The PSN Priority enhancement introduces a way to prioritize sourcing paths (Stock Transfer, Purchase Order, or Production Order) for each Product + Ship-To Location combination.
This ensures that the system always selects the most preferred source first, improving sourcing accuracy and flexibility.
Key benefits
Enables planners to define and control sourcing order directly through configuration.
Allows differentiation between internal transfers, suppliers, and production sources.
Reduces manual intervention by automatically following priority rules.
How it works
1. Introduction of PSN Priority
A standard attribute, PSN Priority, is available in the Product Sourcing Network (PSN) configuration.
This attribute defines the execution priority for different sourcing paths (Stock Transfer → Purchase Order → Production Order) for a given product and ship-to location.
Lower numeric values (e.g., 1) indicate higher priority.
PSNs without a defined priority follow the default sourcing logic.
2. Priority-based order generation
When multiple PSNs exist for the same product and ship-to location, the solver evaluates them in the following order:
Sort PSNs by ascending priority number.
For each PSN:
Check if the source can fulfill the entire demand.
If yes, create one order from that source (STO / PO / ProdO).
If not, create a partial stock transfer (only excess inventory if it’s an internal source).
If demand is still not fully met, move to the next PSN in order of priority.
Note: PSNs with defined priorities are always processed before those without priorities.
Scenario examples
Scenario A: All PSNs have priorities
The engine strictly follows the PSN Priority sequence.
Orders are created from the highest-priority PSN that can meet full or partial demand.
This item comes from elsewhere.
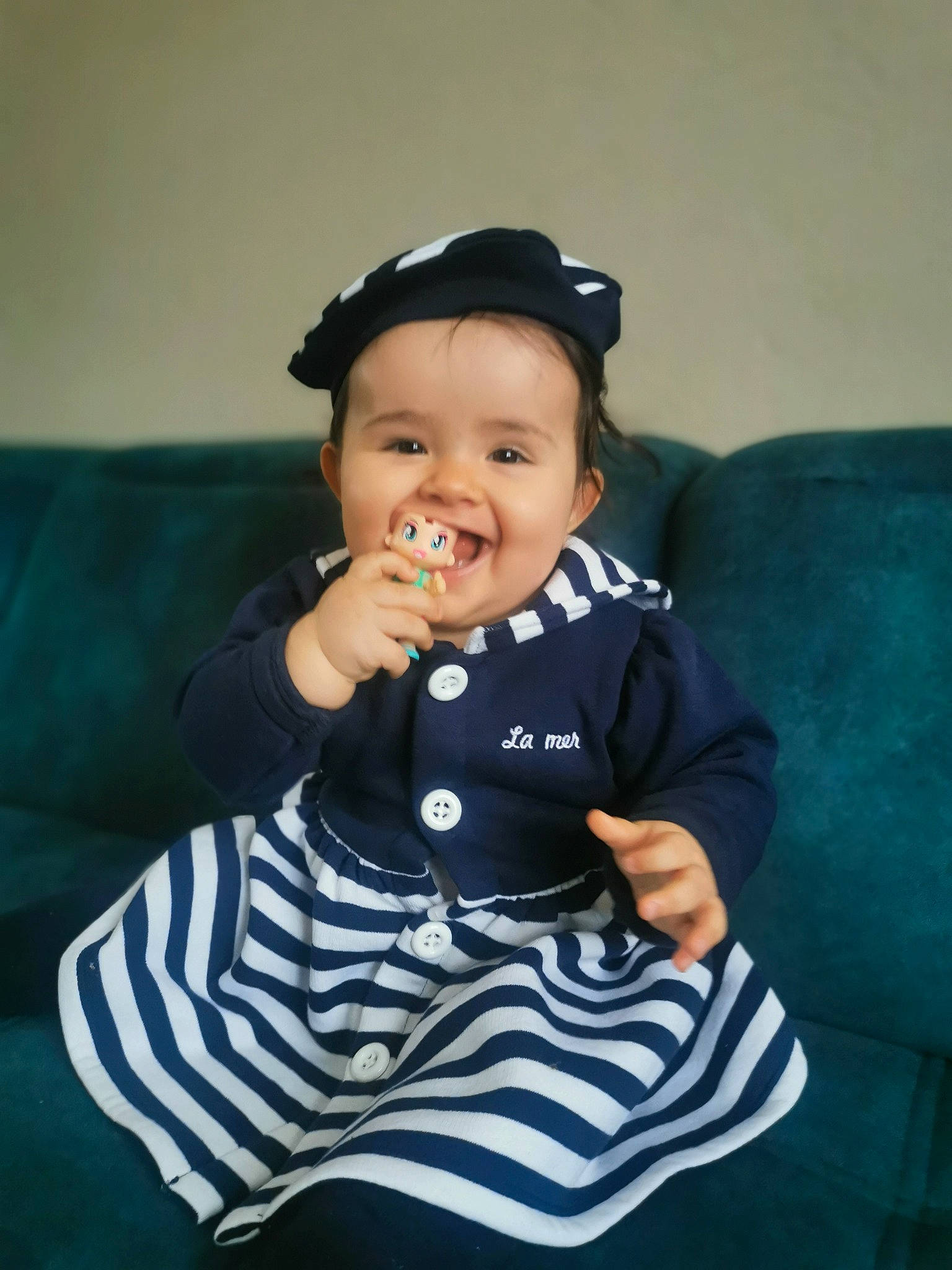 Apolline participe au concours pour gagner de l'argent avec cette photo : baby_toddler_clothing, black_hair, cheek, comfort, cool, couch, electric_blue, eye, facial_expression, flash_photography, hairstyle, happy, hat, headwear, human_body, iris, joy, person, shoulder, skin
Scenario B: Some PSNs have priorities
The system first evaluates prioritized PSNs.
Once they are exhausted, it falls back to non-prioritized sources following the standard logic (Stock Transfer → Purchase Order → Production Order).
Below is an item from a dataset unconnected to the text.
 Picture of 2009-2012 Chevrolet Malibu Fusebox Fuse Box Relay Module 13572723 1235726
Scenario C: No priorities defined
The engine uses the existing sourcing order without change:
Stock Transfer
Purchase Order
Production Order
Scenario D: Non-sequential priority values
The system always prefers lower numbers first, regardless of sequence gaps.
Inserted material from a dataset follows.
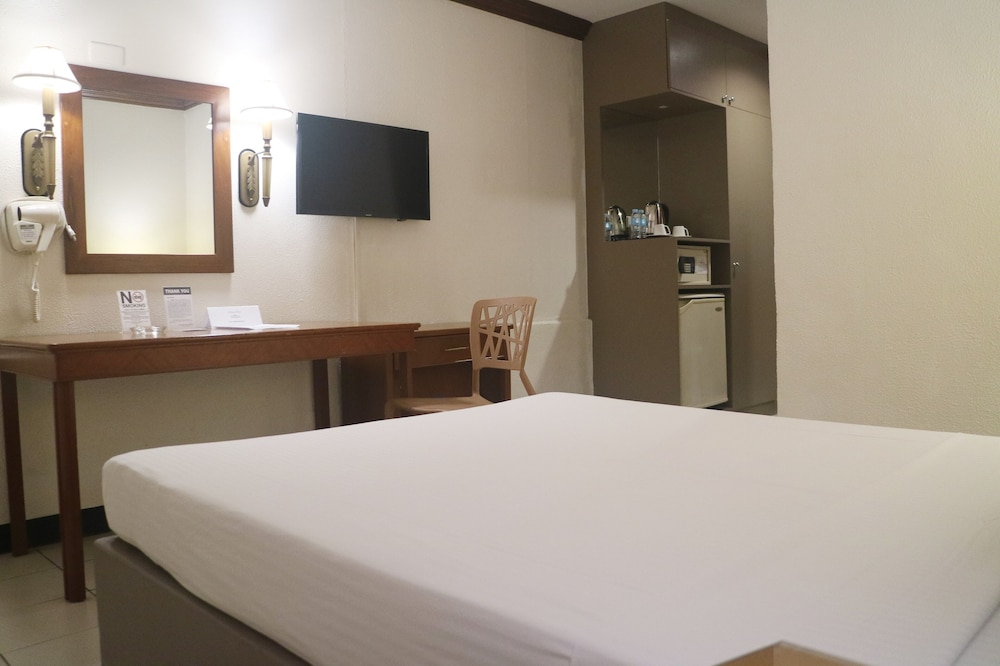 Regular Room (1 Bed) - Photo 4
Example: Priority 1 → Priority 2 → Priority 5 → Priority 6.
Missing numbers are ignored.
PSNs without a defined priority are processed after all prioritized PSNs.
Transfer-only-excess logic
The existing Transfer Only Excess flag continues to apply alongside PSN Priority:
| Transfer Only Excess, Priority | Behavior |
|---|---|
| No, Priority = 1 | Transfers the entire required quantity, even if stock is limited. |
| No, Priority = 2 | If Priority 1 has Transfer Only Excess = Yes, the remaining demand is fulfilled by Priority 2. |
| Yes, Priority = 1 | Transfers only excess inventory, and remaining demand is passed to next priorities (2, 3, etc.). |
Expected UI behavior
A new column, PSN Priority, is available in the Product Sourcing Network configuration screen.
Users can assign integer values (1, 2, 3, ...) to indicate priority order.
If no priority is set, the system treats it as the lowest priority.
For each Product + Ship-To combination, priority values must be unique.